Wednesday, October 12, 2011

Volleyball and the Presidential Reform Agenda


Part 2: The proposed changes and their impact on volleyball – the full cost of attendance debate 

by Kathy DeBoer

The summer’s presidential retreat spawned four subgroups designated to work on particular areas of reform: the student-athlete well-being working group, the resource allocation working group, the committee on academic performance and the rules working group. 

The group doing the most ground-shifting work is the first one.  To answer the criticism that none of the new money going into intercollegiate athletics is directly benefiting the student-athletes who are producing the increases, proposals are being studied to allow a full scholarship to include $2000 beyond the cost of room, board, tuition, fees and books.  Even the non-mathematicians among us can do the calculation on what that increase will entail if it is spread across the athletics department.
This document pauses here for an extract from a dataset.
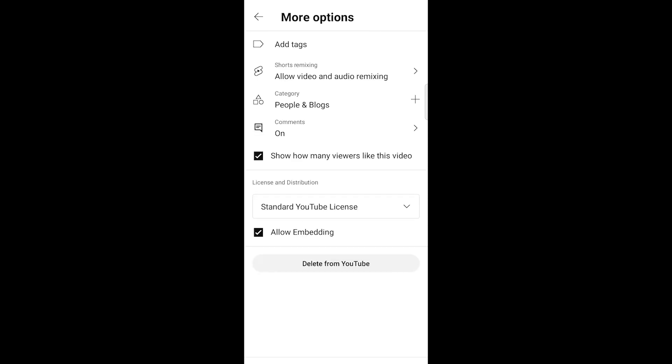Under more options, you'll find an option labeled Allow Embedding. Disable this option to prevent viewers from downloading your video.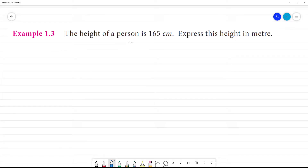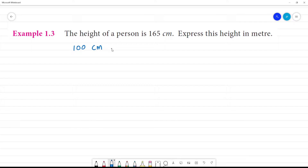The height of a person is 165 cm. Express this height in meters. We can see that 100 cm is equal to 1 meter. So, 1 cm is equal to 1 by 100 meter.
The target groups for more aid, of course, are football and men’s basketball players as the rights fee producers, but Title IX will likely mean that a number of women’s sports will be included in the increase.  An institution which funds 250 total grants-in-aid will see a $500,000 increase in their scholarship budget if they include all their sports in the new ceiling. 

It is anticipated that the BCS automatic qualifier schools, currently those in the Big 10, Big 12, ACC, SEC, Big East and Pac 12, will be able to afford the $2000 increase through rights fees escalation and controlling other costs.  The frightening prospect for volleyball lovers is that those schools on the financial fringes of either an elite conference or DI generally, will choose to shed sports in an attempt to stay in the mix with their high profile programs.   
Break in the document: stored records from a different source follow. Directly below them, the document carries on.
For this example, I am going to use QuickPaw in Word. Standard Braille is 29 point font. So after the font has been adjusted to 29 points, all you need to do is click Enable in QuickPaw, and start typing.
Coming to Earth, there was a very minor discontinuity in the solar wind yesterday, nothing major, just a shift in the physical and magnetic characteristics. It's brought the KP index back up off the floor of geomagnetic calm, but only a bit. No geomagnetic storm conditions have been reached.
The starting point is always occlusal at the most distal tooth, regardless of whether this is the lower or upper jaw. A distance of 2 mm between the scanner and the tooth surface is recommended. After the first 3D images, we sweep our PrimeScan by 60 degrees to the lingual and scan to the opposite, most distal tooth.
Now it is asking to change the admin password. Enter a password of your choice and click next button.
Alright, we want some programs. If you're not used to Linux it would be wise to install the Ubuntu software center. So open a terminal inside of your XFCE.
The driver is football, and more specifically, football television money which, unlike the NCAA men’s basketball payout, is not broadly shared throughout Division I and the NCAA. The recent round of conference realignments is fueled by calculations on campuses about the best path to stay in a healthy BCS grouping of schools.  The conferences viewed as safe havens are the Big 10, the Pac 12, the SEC and the ACC.  The Big 12 and the Big East have lost key football-playing schools and are both scrambling to regain their footing.  The desire to align with or to stay aligned with the major football programs is trumping all other considerations including protecting traditional rivalries, geographic proximity, and the repercussions for other sports.      

Those conferences without escalating rights fees or large football stadiums will, in all likelihood, be structurally relegated to second tier status in Division I since they will not be able to fund the $2000 increase.  They may also choose to tier their sports within the conference, providing full cost-of-attendance to some and not others. 
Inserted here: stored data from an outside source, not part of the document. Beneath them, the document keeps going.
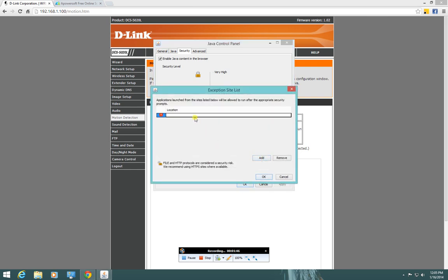And you have to put in an HTTP header on this thing, so HTTP colon slash slash 192.168.1.100. And you click add.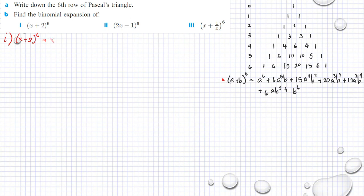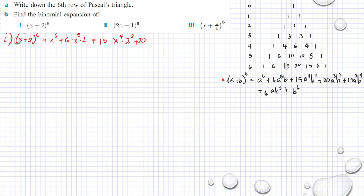Looking at the expanded version, we have x raised to 6, plus 6 times x times 2 — that's x raised to 5 — plus 15 multiplied by x raised to 4 multiplied by 2 raised to 2, plus 20.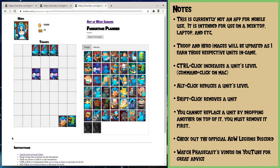I hope you enjoy using this tool. If you have any comments, questions, or issues, feel free to leave them in the comments below on the YouTube video. You can also hit me up on the Discord channel — I'm often in the official Art of War Legions Discord. There's a very good community there if you want folks to help you build formations and do well in all the different aspects of the game.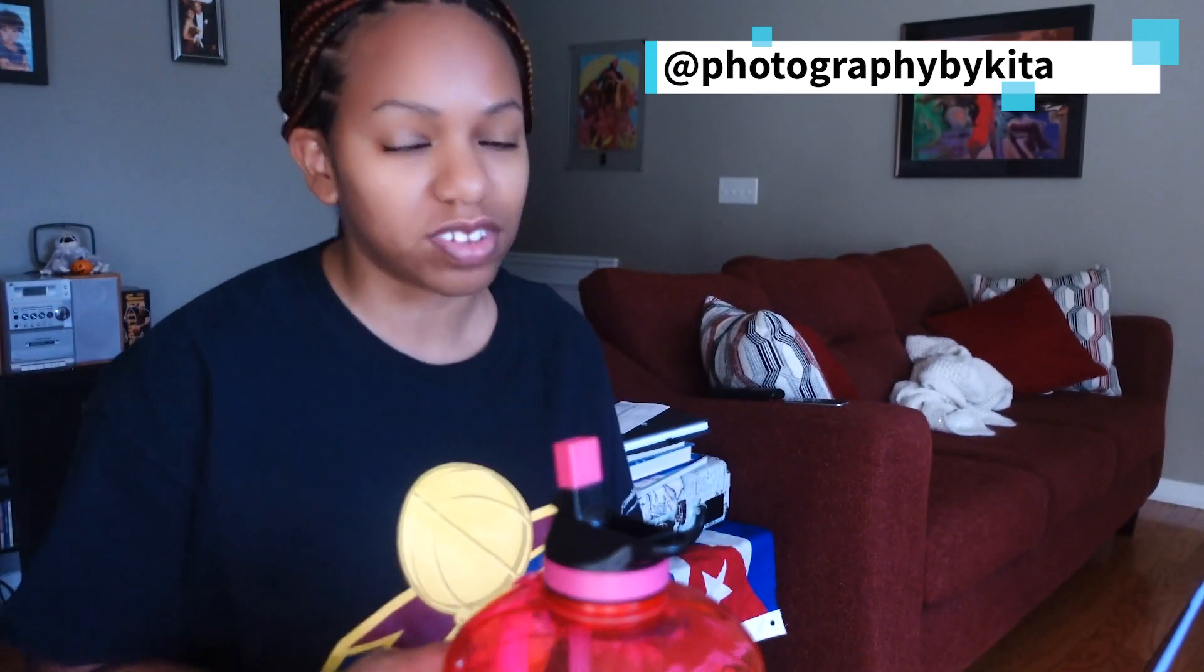Hey photographers, I am Kida of Kida the Explorer Photography and today we are going into our June Photo Challenge about removing people from your background in Adobe Photoshop.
A consistently used catchphrase in this debate is ‘competitive equity’; one side argues that the move to add $2000 to full grants-in-aid is destroying it, while the other side argues that, even though all schools have had the same scholarship limit for years, equity on the playing field has been a myth for a long time. The ‘myth’ group cites as evidence that, over the last seven years, 90% of Division I championships have been won by teams from BCS conferences.  The ‘myth-buster’ group can name every upset of the last seven years and is vigilantly opposed to institutionalizing the disparities between schools in DI.    

The impact on volleyball of this change is hard to predict at the moment.  Currently only Hawaii appears in our top-ten poll as a representative from outside the BCS AQ group, but Northern Iowa, San Diego and Pepperdine in the top 20 make an argument that funding is not the final determinant of elite play.
It seems as if a two-tiered scholarship structure will make a difference in recruit’s choices so the question becomes will the schools in conferences where volleyball is an important sport make the choice to upgrade those programs to full cost of attendance.  How will these changes impact our 22 men’s programs? Will there be cuts or will institutions with diminished prospects for success in major sports be incentivized to try to make a mark on the national scene in volleyball?
  
This working group is also considering proposing multi-year grants-in-aid, and eliminating the six year restriction on five years of aid.  Neither of these provisions will have much impact on volleyball.